Une citoyenne a remis à La Voix de l'Est des photos d'un dépotoir illégal à l'angle des rues Simonds et Denison Ouest, la semaine dernière.
L'accès au terrain où se trouvent deux bâtiments de tôle abandonnés se fait par la rue Denison. Une barrière de fer et de barbelés en bloquait autrefois l'accès. Celle-ci est aujourd'hui brisée.
Les détritus ne sont pas visibles de la rue. De hautes herbes et des arbres les cachent. Des sacs remplis de gazon, des tas de branches, une quantité importante de vieux pneus, des matériaux de construction et même des sacs à ordures sont empilés un peu partout sur le terrain. À l'intérieur de l'un des bâtiments, un ancien garage, traînent des déchets.
Le directeur du service d'urba-nisme à la Ville de Granby, Daniel Naud, ignorait que des gens utilisaient ce terrain pour y jeter leurs déchets. «Je vais envoyer quelqu'un voir, a-t-il lancé. Si c'est le cas, le propriétaire du terrain va devoir nettoyer. Quelqu'un ne peut pas opérer un dépotoir.»
Le terrain du 800 Denison Ouest appartient à Donald Parenteau un résidant d'Austin. M. Parenteau investit et loue des propriétés industrielles. Son bureau est situé à Drummondville. L'homme d'affaires n'a pas retourné l'appel logé par La Voix de l'Est à son domicile.
Le terrain est présentement en vente. Une pancarte Remax est installée. Les agents d'immeubles mandatés par M. Parenteau ont aussi ignoré le message laissé par La Voix de l'Est.
Une pratique qui s'étend
Au début d'avril, La Voix de l'Est rapportait l'existence d'un dépotoir illégal sur des terrains appartenant à la Ville et à Agropur dans le parc industriel. La Ville n'a pas tardé à nettoyer les lieux après avoir été informée qu'un amas de décombres s'y trouvait. La Ville et Agropur se sont partagé les coûts du nettoyage.

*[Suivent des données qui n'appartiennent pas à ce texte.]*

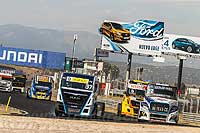 Truck Racing Jarama 2018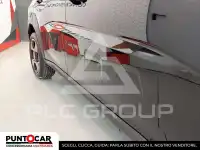 2026 Fiat Panda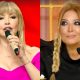 milly carlucci selvaggia lucarelli ballando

«Est-ce que ce sont les mêmes personnes qui changent d'endroit?» s'est questionné Daniel Naud lorsqu'informé qu'une pratique semblable avait lieu au 800 rue Denison Ouest.
Payer pour s'en débarrasser
Pour se débarrasser des matériaux de construction, les gens doivent les apporter chez Sani-Éco à Granby ou à l'entreprise d'enfouissement Roland Thibault à Sainte-Cécile-de-Milton. Un tarif minimum de près de 40 $ est imposé. La facture grimpe ensuite en fonction du nombre de tonnes apportées.
Quant aux pneus usagés, les consommateurs peuvent les déposer chez n'importe quel vendeur. «À l'achat, les gens paient une consigne de 5 $ pour pouvoir les rapporter», souligne Paul Sarrazin, préfet de la MRC de la Haute-Yamaska.
M. Sarrazin admet que la collecte des matériaux de construction n'est pas parfaite pour l'instant. L'implantation d'écocentres sur le territoire au cours des prochaines années permettra aux gens de se départir gratuitement de ces matériaux. Un écocentre devrait voir le jour cette année à Waterloo et en 2010 à Granby.